What do economists mean by excess demand?

Answer:
The quantity demanded of a good or service in a particular market exceeds the quantity supplied when there is excess demand. We often draw a line at a given price level on a graph, from the quantity supplied curve to the quantity demanded curve, to show the magnitude of a shortage that is created by this situation. Consumers are willing to buy more than this market is willing to supply, and so the price is bid up. As the price rises, more producers will be willing to shift more resources toward the increased production of this good or service.

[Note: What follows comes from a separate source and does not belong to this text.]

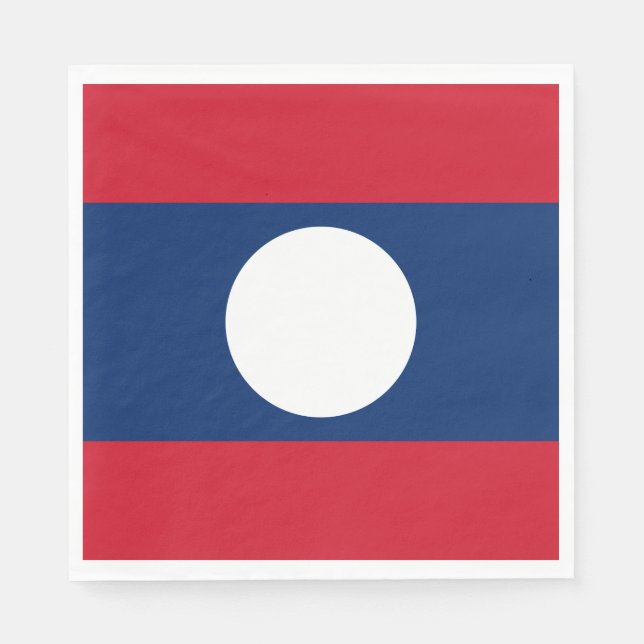Serviette En Papier Drapeau du Laos (Devant)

Local government in, say, Markham, Ontario, is very slow in processing developers' applications for new housing applications. In addition, much of Markham is on the ecologically sensitive Oak Ridge Moraine and, in 2001, the provincial government puts a six-month freeze on any new developments in the Moraine to protect the forests, aquifers, and wildlife. More and more young couples wish to leave rental accommodation, but cannot find suitable houses to buy. Prices move up sharply during the freeze, as buyers bid up the price of a limited supply of new units. However, the provincial government lifts the freeze on non-sensitive land, and the town of Markham speeds up its applications process. Developers start to supply new units to meet the excess demand. Some older couples sell their homes and move to local condominiums, which are managed efficiently for them. As the quantity supplied increases, the quantity demanded falls again, until a new equilibrium price is established.